● Dataset content:

------------------------

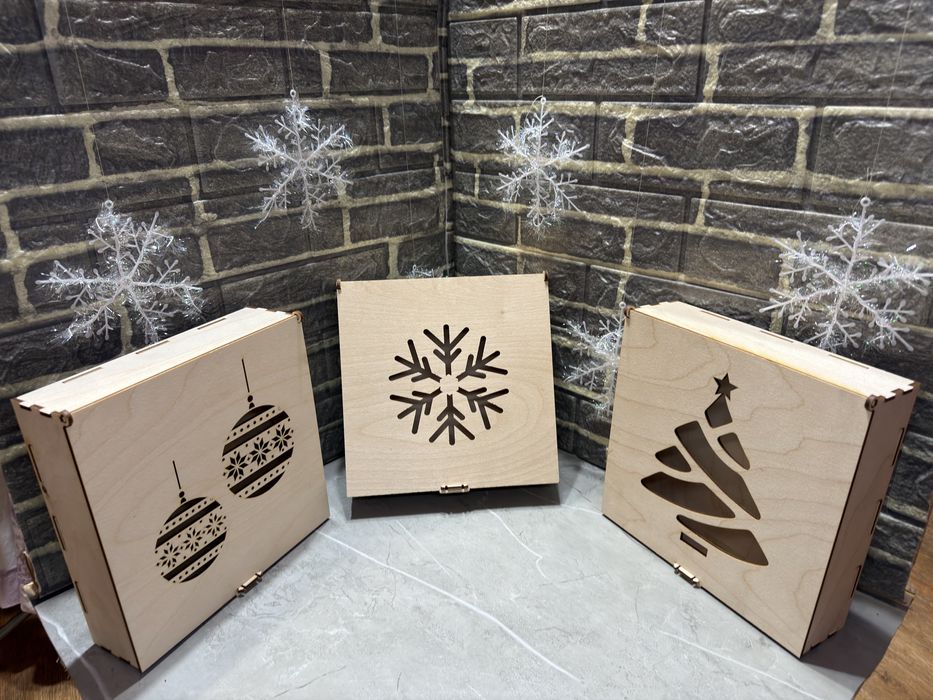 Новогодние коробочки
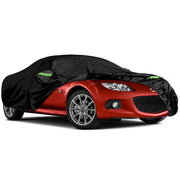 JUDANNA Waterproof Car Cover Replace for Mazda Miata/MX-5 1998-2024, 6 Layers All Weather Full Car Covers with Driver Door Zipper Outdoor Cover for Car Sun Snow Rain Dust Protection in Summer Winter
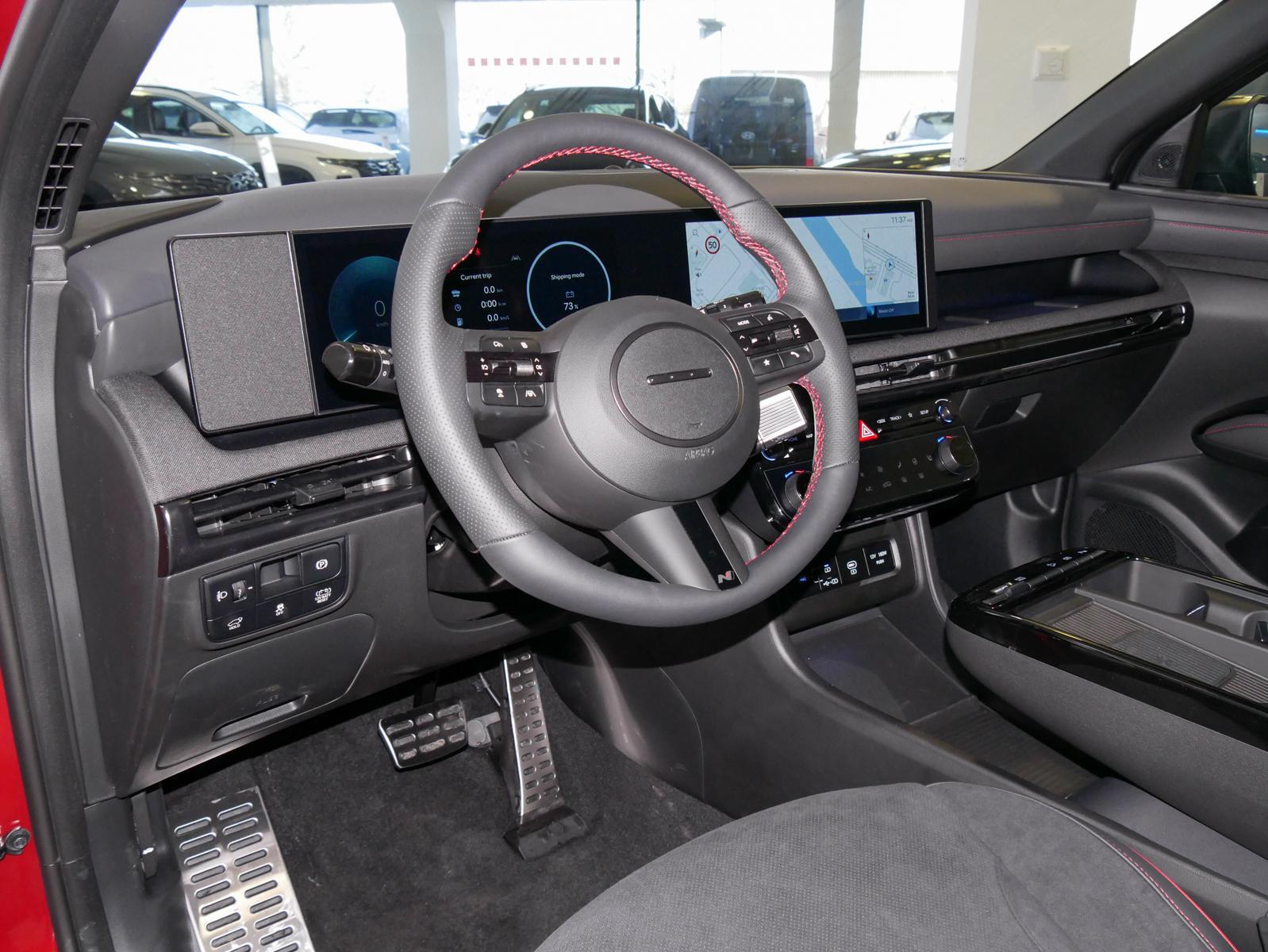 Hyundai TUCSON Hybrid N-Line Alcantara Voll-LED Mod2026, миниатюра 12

------------------------

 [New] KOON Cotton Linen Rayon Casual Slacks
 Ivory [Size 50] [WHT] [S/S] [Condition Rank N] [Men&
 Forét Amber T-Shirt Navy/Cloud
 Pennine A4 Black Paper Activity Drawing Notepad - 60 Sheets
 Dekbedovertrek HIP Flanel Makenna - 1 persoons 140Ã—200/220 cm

------------------------

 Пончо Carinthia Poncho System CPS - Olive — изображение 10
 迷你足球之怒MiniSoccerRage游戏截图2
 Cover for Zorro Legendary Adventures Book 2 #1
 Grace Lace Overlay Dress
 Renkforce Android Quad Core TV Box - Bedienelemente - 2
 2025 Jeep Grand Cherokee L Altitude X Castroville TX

------------------------

● Activity: Would you copy out exactly the lines above that start at the one containing "Ivory [Size 50]" and end at the one containing "Dekbedovertrek HIP Flanel", inclusive?

● Reply:
 Ivory [Size 50] [WHT] [S/S] [Condition Rank N] [Men&
 Forét Amber T-Shirt Navy/Cloud
 Pennine A4 Black Paper Activity Drawing Notepad - 60 Sheets
 Dekbedovertrek HIP Flanel Makenna - 1 persoons 140Ã—200/220 cm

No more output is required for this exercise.